DB : Un peu de tout, j’ai beaucoup écouté Lykke Li récemment, parce qu’elle va bientôt sortir un disque. Je kiffe son premier album, grave. Un peu Lilly Wood & The Prick j’avoue, parce que ma copine adore. Du hip hop aussi, Theophilus London, Tinie Tempah, c’est assez cool. Un groupe de rock un peu seventies qui s’appelle Harlem Hippies. Et puis Crystal Fighters, il y a des très bons morceaux. Ce sont des Anglais qui se la jouent Espagnols, ça part dans tous les sens, electro, world, rock, etc. C’est un groupe que j’aime bien en ce moment. Sinon, j’ai découvert un groupe génial, c’est peut-être la honte de le découvrir aussi tard, c’est The Grass Roots. Quand j’ai entendu leur chanson I’d Wait A Million Years, les paroles m’ont rappelé un morceau qu’on avait laissé tomber, et j’ai trouvé ça vraiment moderne, avec des sons super bizarres, une sorte de synthé au début qui casse la tête. Celle-là, je me dis que ce serait marrant d’essayer de la reprendre, tu valides ?

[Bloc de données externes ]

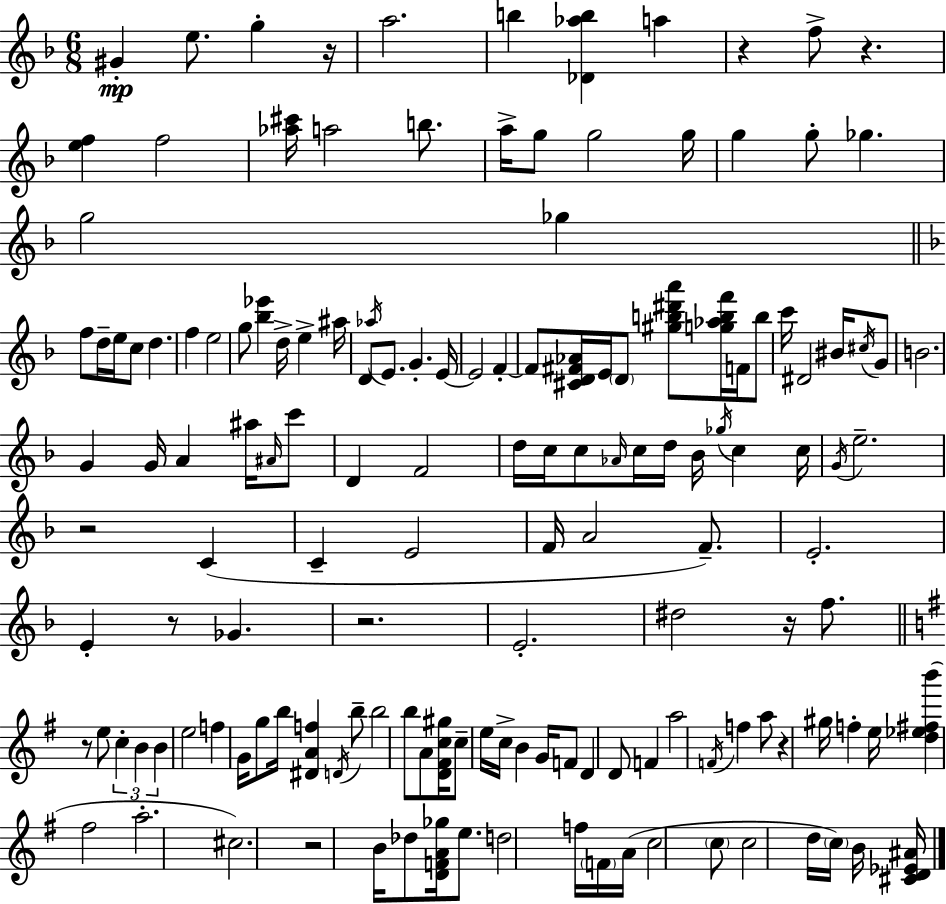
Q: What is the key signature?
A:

IR : Ha oui, j’adore les Grass Roots et j’ai écrit un bouquin sur les reprises, donc je ne peux que vous encourager.
DB : J’aime l’idée de donner une lecture plus actuelle à un morceau. Si tu écoutes les Grass Roots, les chansons sont bien, mais l’esprit est très sixties, donc si tu n’aimes pas ça, tu vas dire "oui, c’est un truc de hippie", et tu vas passer à côté de quelque chose. C’est dommage. En tout cas, si t’as une idée de reprise, tu me le dis, hein.

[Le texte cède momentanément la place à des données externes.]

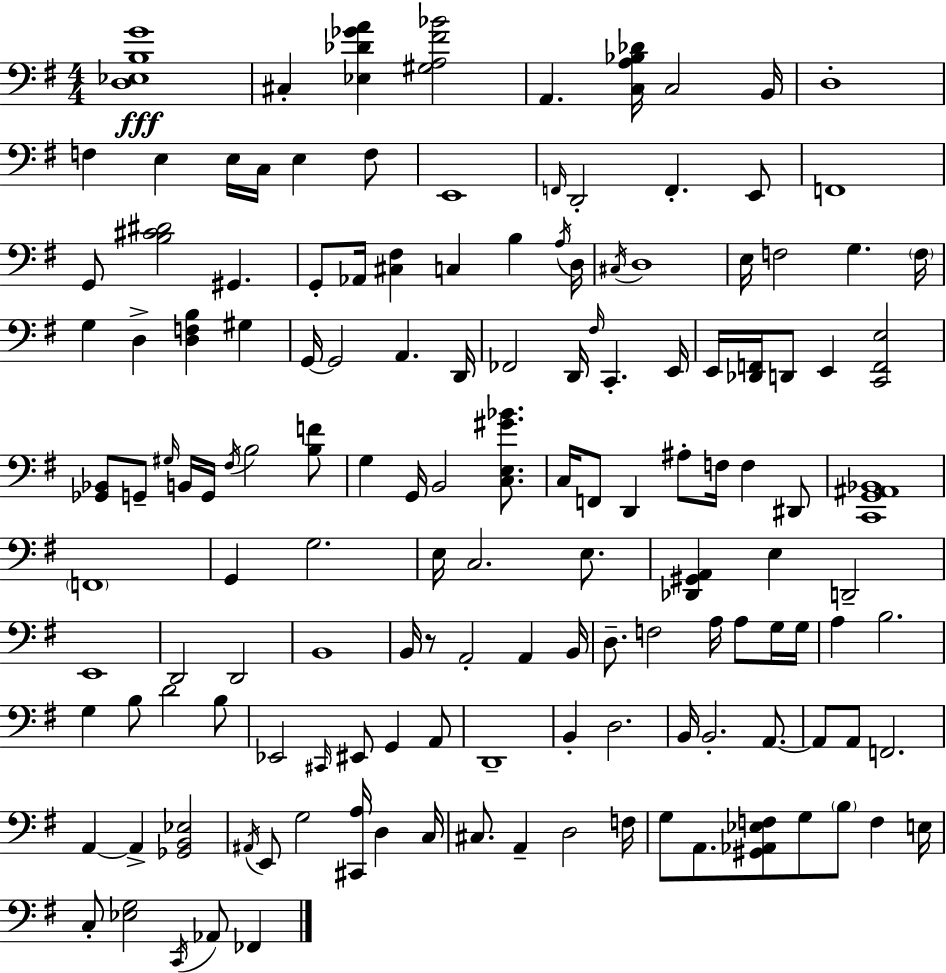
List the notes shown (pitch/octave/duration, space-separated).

IR : Ok, ça marche. Tout à l’heure, tu m’as dit que tu n’achetais pas beaucoup de disques, j’imagine que tu télécharges... Est-ce que tu as une position vis-à-vis du piratage ?

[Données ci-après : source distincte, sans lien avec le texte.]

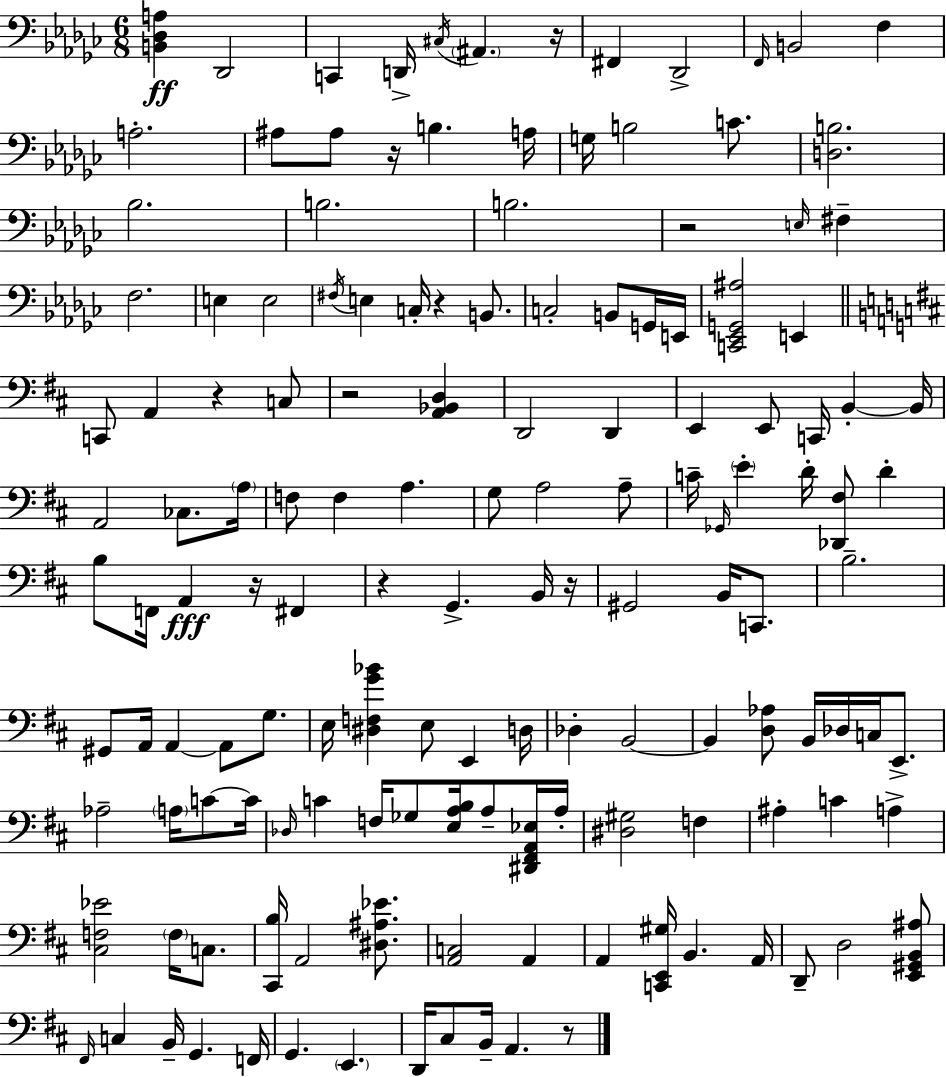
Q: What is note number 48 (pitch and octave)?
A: A3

DB : Avec les Naive New Beaters, on a une position assez claire : il faudrait sectionner la main de ceux qui téléchargent. Comme ça on marque un grand coup, et ensuite on réfléchit à un truc intelligent. Non, sérieusement, on a toujours copié des cassettes pour se les refiler. Aux Etats-Unis, les ventes de disques n’existent presque plus, tout est digital. Et puis il y a des trucs qui m’échappent : pourquoi pourrait-on écouter en streaming, mais pas télécharger ? C’est curieux. De toute façon, il y aura toujours des gens pour faire de la musique, ça c’est sûr. Il va juste falloir trouver d’autres supports, d’autres façons de faire, c’est tout.
Inside Rock remercie chaleureusement David Boring.